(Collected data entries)
☆ ☆ ☆

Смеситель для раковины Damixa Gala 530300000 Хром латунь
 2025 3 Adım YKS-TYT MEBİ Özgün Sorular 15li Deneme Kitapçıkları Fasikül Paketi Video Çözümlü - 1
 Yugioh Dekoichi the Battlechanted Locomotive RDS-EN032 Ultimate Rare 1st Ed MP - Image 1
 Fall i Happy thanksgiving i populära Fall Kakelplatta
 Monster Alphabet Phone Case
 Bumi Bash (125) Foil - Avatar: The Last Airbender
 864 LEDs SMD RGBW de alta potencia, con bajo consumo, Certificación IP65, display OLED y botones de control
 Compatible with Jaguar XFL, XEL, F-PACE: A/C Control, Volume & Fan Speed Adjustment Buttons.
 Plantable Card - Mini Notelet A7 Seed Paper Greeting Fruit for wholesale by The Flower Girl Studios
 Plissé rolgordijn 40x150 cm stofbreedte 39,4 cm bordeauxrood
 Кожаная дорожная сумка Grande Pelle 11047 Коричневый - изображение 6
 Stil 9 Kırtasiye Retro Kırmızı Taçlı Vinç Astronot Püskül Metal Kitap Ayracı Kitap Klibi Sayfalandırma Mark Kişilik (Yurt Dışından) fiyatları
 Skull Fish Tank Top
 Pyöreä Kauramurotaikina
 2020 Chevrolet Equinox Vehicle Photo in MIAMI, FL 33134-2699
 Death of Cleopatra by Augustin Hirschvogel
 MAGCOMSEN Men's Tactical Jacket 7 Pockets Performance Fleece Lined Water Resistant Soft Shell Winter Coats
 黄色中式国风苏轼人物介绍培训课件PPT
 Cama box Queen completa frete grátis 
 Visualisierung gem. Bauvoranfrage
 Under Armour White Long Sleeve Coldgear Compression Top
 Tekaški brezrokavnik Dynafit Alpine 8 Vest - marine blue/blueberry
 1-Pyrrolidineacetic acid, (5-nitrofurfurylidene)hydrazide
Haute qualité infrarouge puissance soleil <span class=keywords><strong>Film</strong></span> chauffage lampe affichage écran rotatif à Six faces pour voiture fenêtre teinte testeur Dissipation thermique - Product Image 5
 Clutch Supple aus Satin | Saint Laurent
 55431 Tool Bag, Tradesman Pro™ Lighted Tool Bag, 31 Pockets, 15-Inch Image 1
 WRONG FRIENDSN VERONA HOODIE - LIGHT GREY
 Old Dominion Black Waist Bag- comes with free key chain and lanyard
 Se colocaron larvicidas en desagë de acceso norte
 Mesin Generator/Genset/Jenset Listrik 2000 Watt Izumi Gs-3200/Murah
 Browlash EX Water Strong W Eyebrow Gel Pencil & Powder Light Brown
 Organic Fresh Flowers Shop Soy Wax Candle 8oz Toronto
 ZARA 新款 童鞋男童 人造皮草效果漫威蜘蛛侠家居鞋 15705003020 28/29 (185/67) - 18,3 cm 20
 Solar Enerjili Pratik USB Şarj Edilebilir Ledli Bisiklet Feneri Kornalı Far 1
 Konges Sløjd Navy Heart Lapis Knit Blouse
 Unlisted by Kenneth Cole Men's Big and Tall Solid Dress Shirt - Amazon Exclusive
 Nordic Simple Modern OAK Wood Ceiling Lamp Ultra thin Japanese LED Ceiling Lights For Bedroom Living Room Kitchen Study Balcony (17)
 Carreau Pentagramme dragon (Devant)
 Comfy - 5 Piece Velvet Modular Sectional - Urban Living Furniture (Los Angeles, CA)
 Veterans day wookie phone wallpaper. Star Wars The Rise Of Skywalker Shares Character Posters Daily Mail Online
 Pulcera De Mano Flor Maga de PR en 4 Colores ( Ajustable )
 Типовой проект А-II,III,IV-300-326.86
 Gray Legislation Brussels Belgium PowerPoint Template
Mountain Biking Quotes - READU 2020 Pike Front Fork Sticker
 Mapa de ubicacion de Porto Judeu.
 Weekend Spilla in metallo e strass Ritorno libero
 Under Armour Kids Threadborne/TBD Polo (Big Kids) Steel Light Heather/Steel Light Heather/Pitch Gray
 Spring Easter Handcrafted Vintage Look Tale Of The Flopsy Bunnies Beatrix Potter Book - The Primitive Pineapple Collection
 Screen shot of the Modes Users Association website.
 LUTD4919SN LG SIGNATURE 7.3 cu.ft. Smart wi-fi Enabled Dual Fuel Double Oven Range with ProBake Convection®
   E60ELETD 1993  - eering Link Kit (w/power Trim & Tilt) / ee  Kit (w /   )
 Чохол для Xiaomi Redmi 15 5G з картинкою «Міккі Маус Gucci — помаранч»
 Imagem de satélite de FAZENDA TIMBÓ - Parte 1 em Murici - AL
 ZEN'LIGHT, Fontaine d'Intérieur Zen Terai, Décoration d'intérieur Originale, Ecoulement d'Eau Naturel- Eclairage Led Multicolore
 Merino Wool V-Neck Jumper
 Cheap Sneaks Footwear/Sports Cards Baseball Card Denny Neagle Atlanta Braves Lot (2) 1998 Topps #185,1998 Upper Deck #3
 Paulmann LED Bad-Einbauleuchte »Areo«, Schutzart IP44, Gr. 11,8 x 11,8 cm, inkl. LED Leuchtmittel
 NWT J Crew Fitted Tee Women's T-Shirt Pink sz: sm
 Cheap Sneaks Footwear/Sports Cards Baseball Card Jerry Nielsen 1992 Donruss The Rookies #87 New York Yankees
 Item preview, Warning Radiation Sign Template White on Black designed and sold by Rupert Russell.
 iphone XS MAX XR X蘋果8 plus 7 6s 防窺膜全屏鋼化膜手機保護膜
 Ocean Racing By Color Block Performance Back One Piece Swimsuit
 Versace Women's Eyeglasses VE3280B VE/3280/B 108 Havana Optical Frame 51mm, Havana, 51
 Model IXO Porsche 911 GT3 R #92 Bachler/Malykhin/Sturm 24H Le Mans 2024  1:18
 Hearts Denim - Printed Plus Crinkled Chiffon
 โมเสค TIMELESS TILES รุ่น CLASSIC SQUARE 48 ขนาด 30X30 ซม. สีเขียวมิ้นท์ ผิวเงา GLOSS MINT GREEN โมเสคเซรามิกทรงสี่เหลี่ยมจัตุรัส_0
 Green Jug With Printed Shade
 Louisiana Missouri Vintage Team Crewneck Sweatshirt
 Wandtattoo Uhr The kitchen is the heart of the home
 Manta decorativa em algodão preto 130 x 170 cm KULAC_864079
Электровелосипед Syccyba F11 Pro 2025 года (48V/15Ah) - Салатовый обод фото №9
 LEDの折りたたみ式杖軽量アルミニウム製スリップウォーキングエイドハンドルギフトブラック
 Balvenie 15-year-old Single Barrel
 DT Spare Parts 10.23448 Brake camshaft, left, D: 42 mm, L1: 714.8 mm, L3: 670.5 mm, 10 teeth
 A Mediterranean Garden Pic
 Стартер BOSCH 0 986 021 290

☆ ☆ ☆

▶ Aim of the task
Copy out every line in the records where the word "Cards" is found.

▶ Solution for this task
 Cheap Sneaks Footwear/Sports Cards Baseball Card Denny Neagle Atlanta Braves Lot (2) 1998 Topps #185,1998 Upper Deck #3
 Cheap Sneaks Footwear/Sports Cards Baseball Card Jerry Nielsen 1992 Donruss The Rookies #87 New York Yankees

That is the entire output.